What you are asked to do
Of the entries below, return exactly those lines that fall between the one containing "hot【cw】 2m Arch" and the one containing "2022 spin camera", the two end lines included.

┌─ Records provided

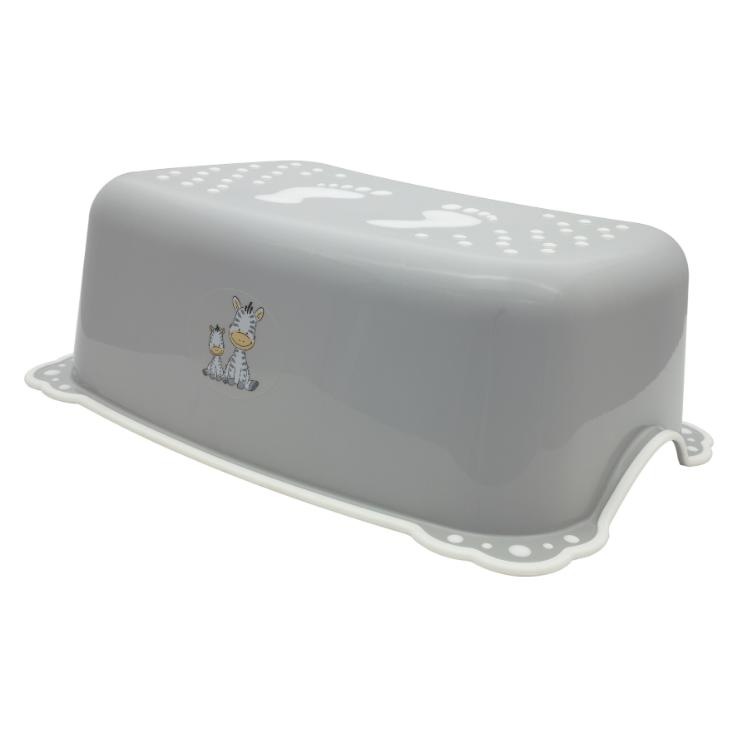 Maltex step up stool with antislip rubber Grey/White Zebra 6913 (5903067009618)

└─
┌─ Records provided

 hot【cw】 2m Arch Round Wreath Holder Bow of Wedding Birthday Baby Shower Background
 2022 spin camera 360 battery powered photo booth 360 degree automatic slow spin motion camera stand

└─

Response to the exercise
 hot【cw】 2m Arch Round Wreath Holder Bow of Wedding Birthday Baby Shower Background
 2022 spin camera 360 battery powered photo booth 360 degree automatic slow spin motion camera stand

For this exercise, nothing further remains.